Problem details:
Pictures stay out. Extract the lines below from the first one through the line with "Evelatus Samsung Galaxy", both included.

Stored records
== == ==
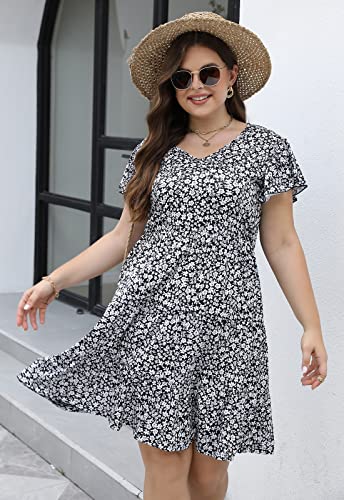Image of Celkuser Womens Plus Size Summer Casual Midi Dress Short Ruffle Sleeve Tiered Empire Waist T-Shirt Dress with Pockets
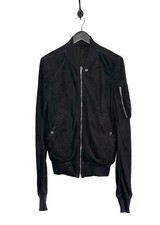 Rick Owens SS18 Dirt Black Lambskin Bomber Jacket - SMALL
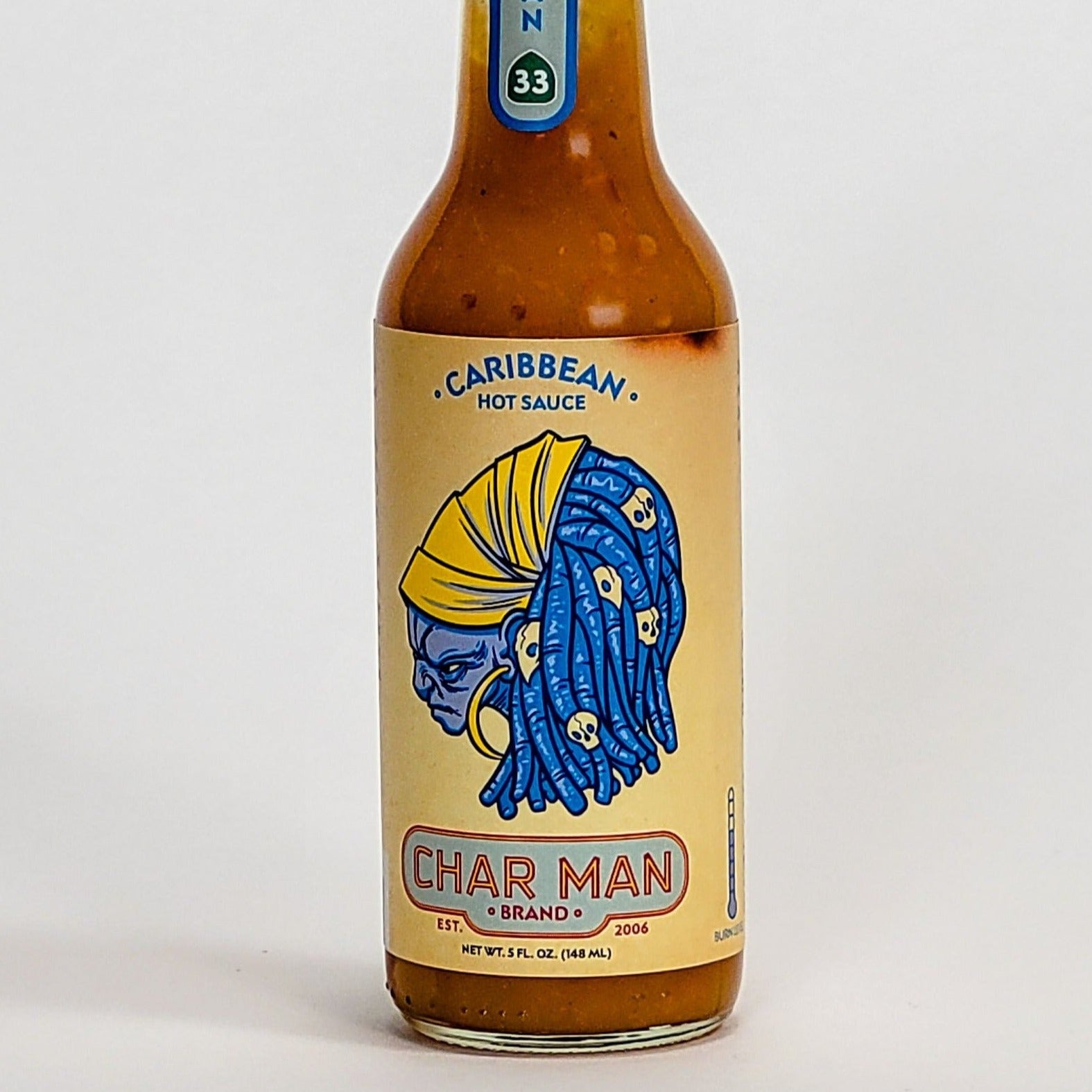 char man brand caribbean hot sauce label
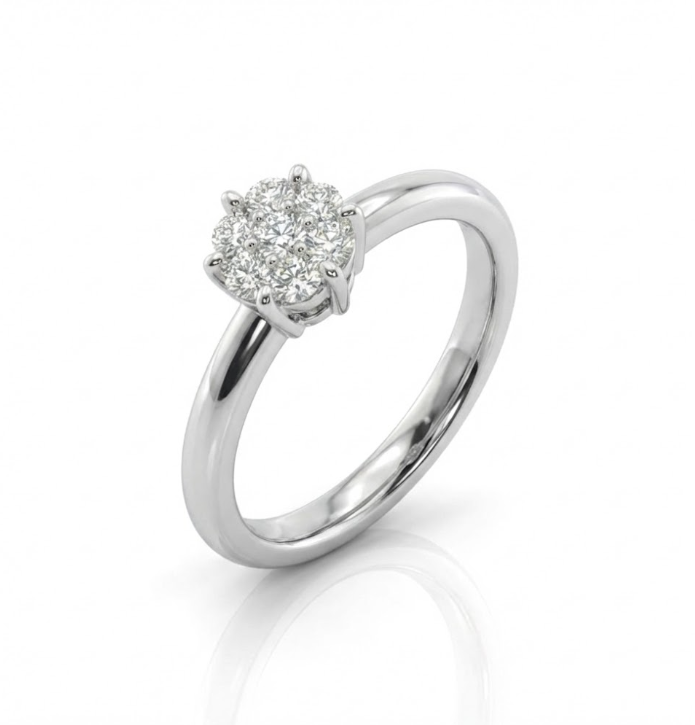 Round Diamond Cluster Ring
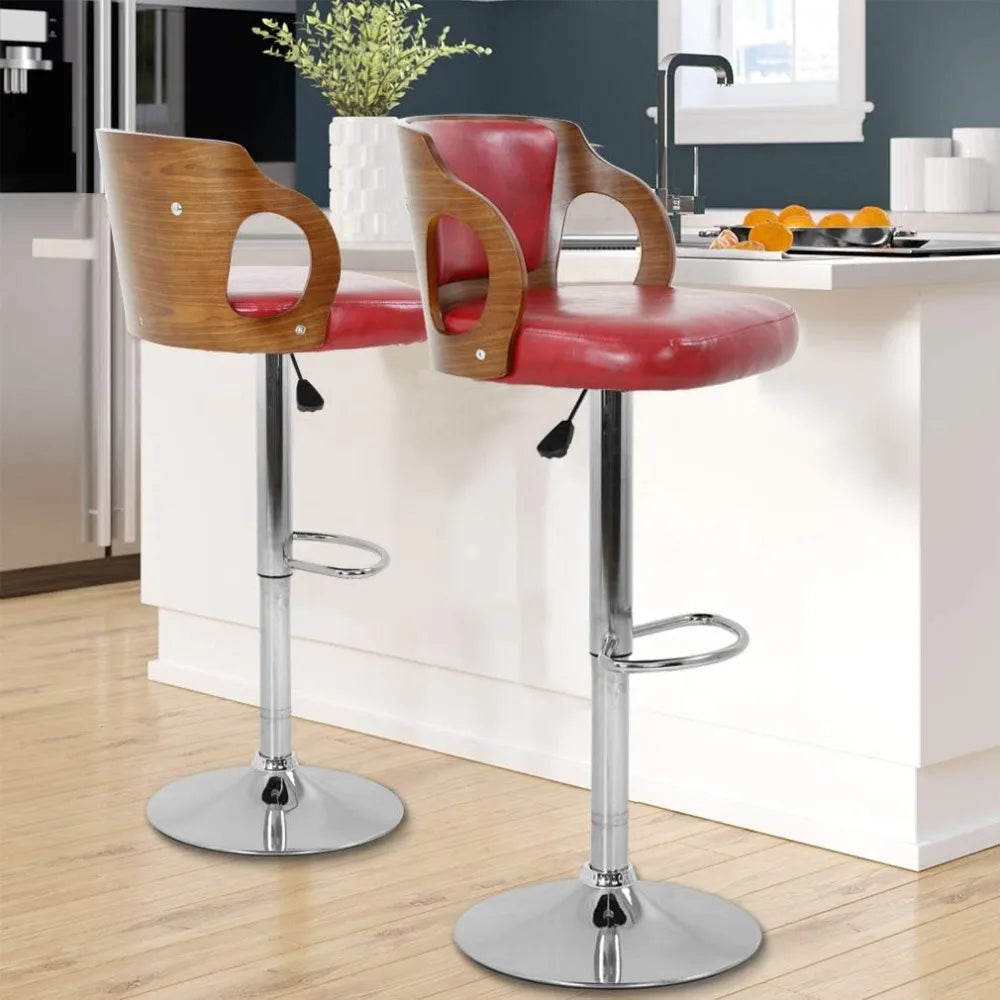 Set of 2 Barstools Height Adjustable Counter Stools Modern Bar Stool Beech Bar Chairs Swivel Bar Stool PU Leather Hydraulic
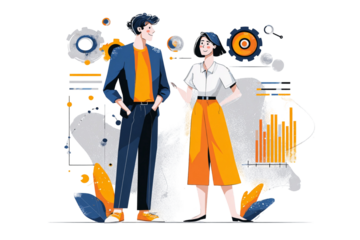 Illustration of a man and woman standing in front of charts and graphs in a business setting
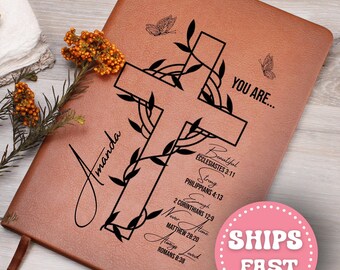 Personalized Prayer Journal For Women, Custom Scripture Gift for Women, Flower Christian Gift for Her, Religious Gift, Affirmations Gift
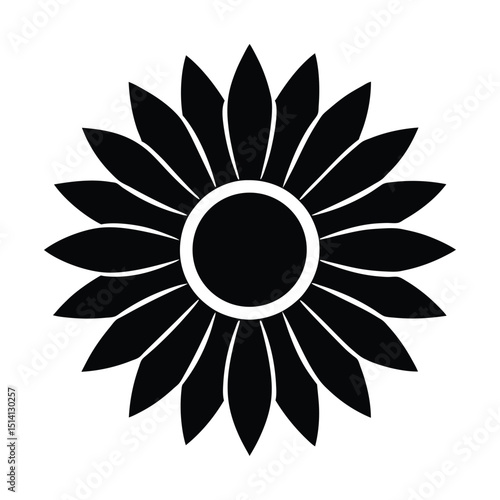 sunflower icon with a round center and long, symmetrical petals silhouette vector illustration on white background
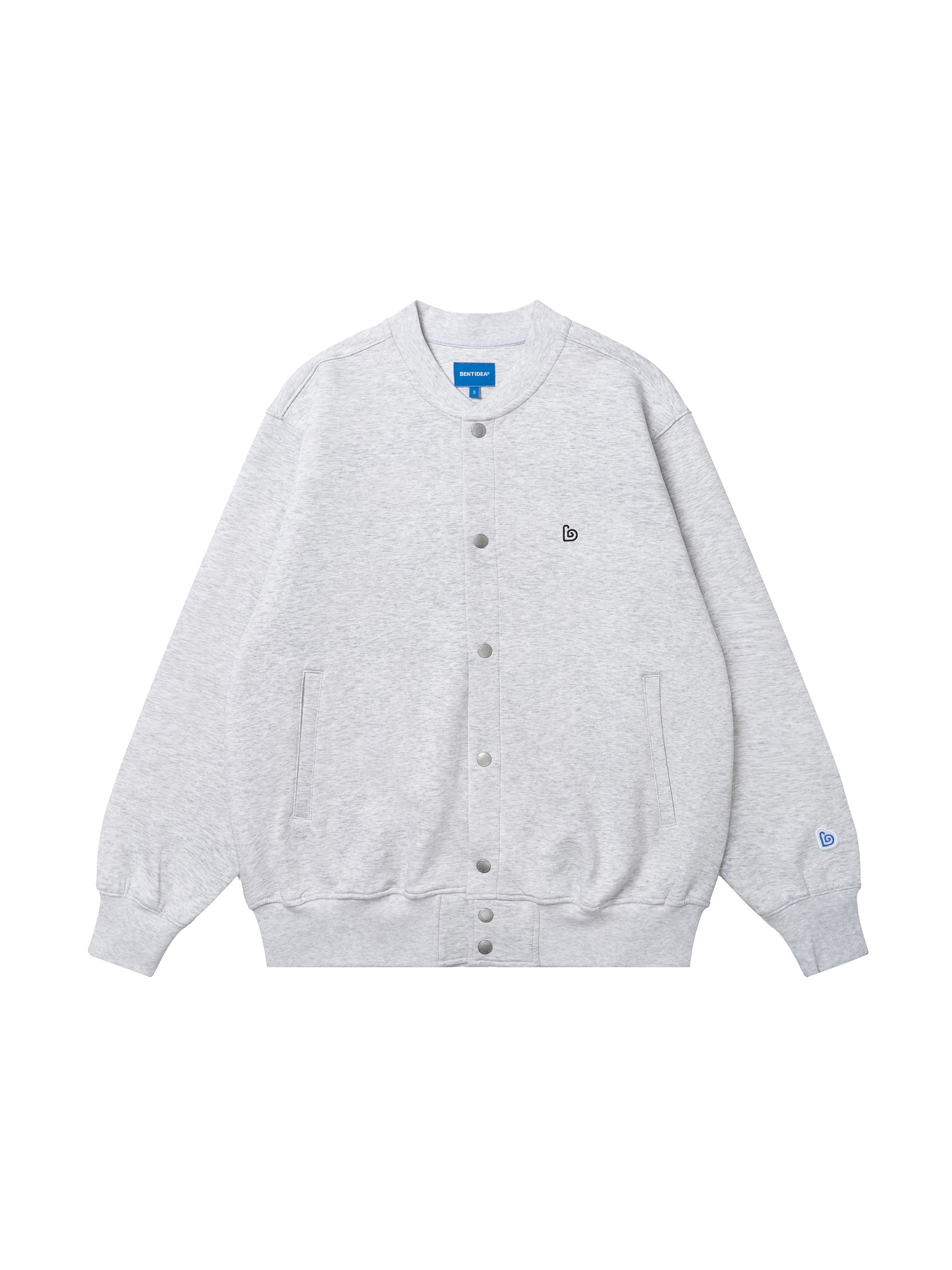 BENT IDEA Crew Neck Loose Baseball Sweater Jacket
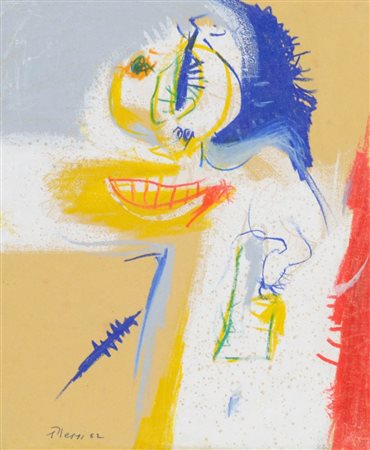 FABRIZIO PLESSI 1940 " Personaggio ", 1962 Tecnica mista su cartoncino...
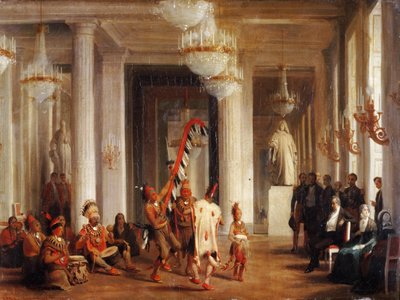 Dans av Iowa-indianere i Salon de la Paix på Tuileriene, presentert av maleren George Catl av Karl Girardet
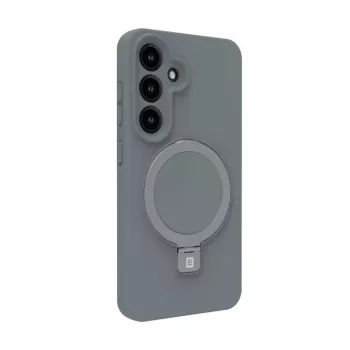 Evelatus Samsung Galaxy S25 Premium Magnetic met standaard Soft Touch siliconenhoes zilver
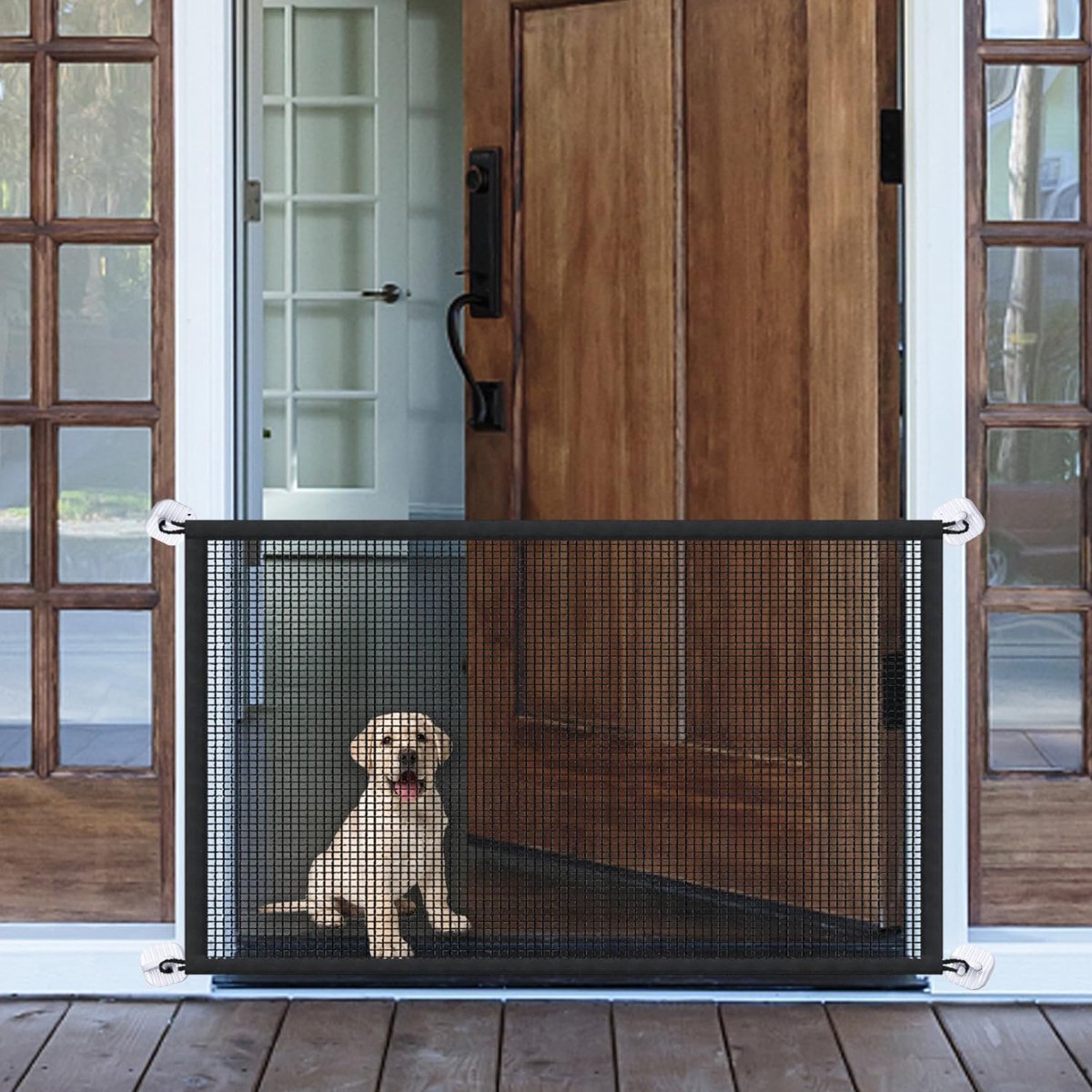 Deurhek voor honden, draagbaar, 153 x 78 cm, hondenrooster, woning, indoor, geen boren, mesh, babypoort voor het huis, veiligheid doel voor huisdieren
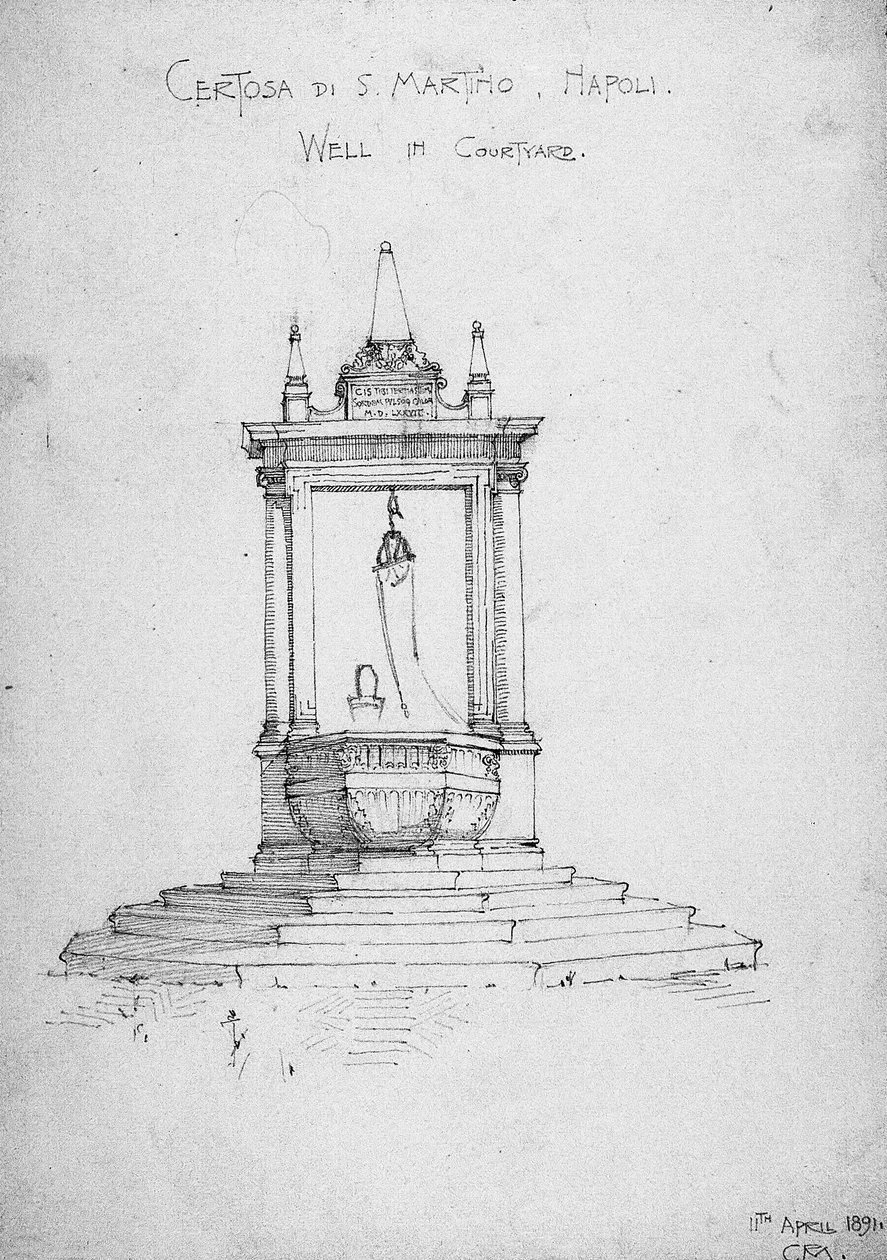 S. Martinon kartano, Napoli, kaivo sisäpihalla, 1891. tekijältä Charles Rennie Mackintosh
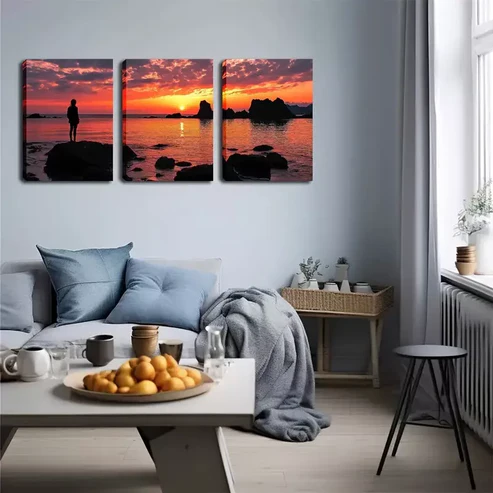 3pcs Person Standing by The Coast And Watching Wall Art Set Canvas Framed 40x60cm – High Quality Print 100% Australian Made Wall Canvas Ready to Hang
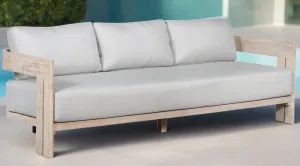 Paradiso Teak Wood Sofa Natural Look - Light Grey Fabric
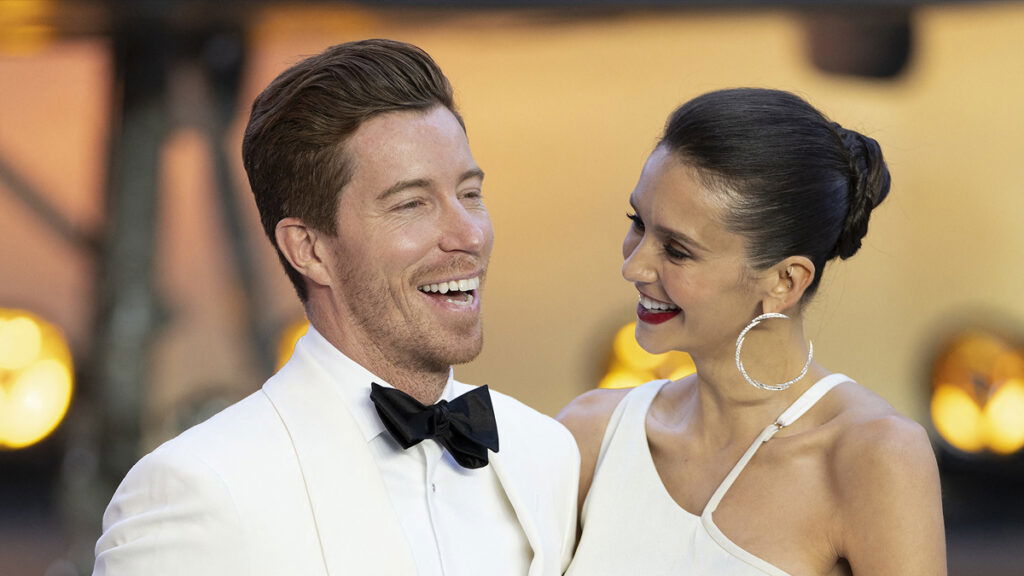 Shaun White and Nina Dobrev at The Royal Film Performance of Top Gun: Maverick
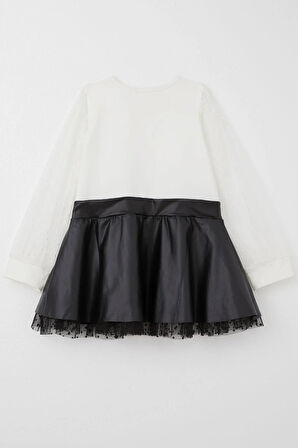 Breeze Kız Çocuk Uzun Kollu Elbise Etek Kısmı Deri Kolları Tül Detaylı 3-8 Yaş, Ekru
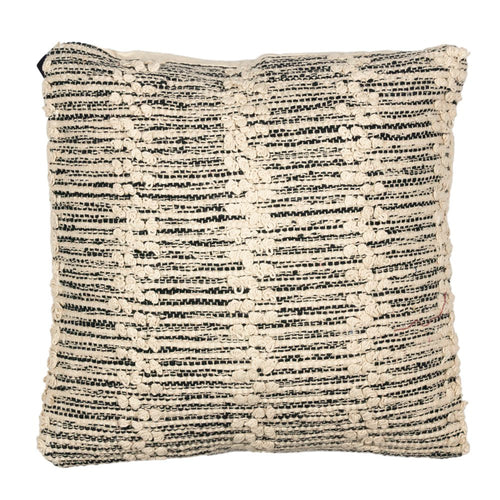 *kussen katoen wol streep grijs/wit 40x40cm*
== == ==
Solution to the exercise:
Image of Celkuser Womens Plus Size Summer Casual Midi Dress Short Ruffle Sleeve Tiered Empire Waist T-Shirt Dress with Pockets
 Rick Owens SS18 Dirt Black Lambskin Bomber Jacket - SMALL
 char man brand caribbean hot sauce label
 Round Diamond Cluster Ring
 Set of 2 Barstools Height Adjustable Counter Stools Modern Bar Stool Beech Bar Chairs Swivel Bar Stool PU Leather Hydraulic
 Illustration of a man and woman standing in front of charts and graphs in a business setting
 Personalized Prayer Journal For Women, Custom Scripture Gift for Women, Flower Christian Gift for Her, Religious Gift, Affirmations Gift
 sunflower icon with a round center and long, symmetrical petals silhouette vector illustration on white background
 BENT IDEA Crew Neck Loose Baseball Sweater Jacket
 FABRIZIO PLESSI 1940 " Personaggio ", 1962 Tecnica mista su cartoncino...
 Dans av Iowa-indianere i Salon de la Paix på Tuileriene, presentert av maleren George Catl av Karl Girardet
 Evelatus Samsung Galaxy S25 Premium Magnetic met standaard Soft Touch siliconenhoes zilver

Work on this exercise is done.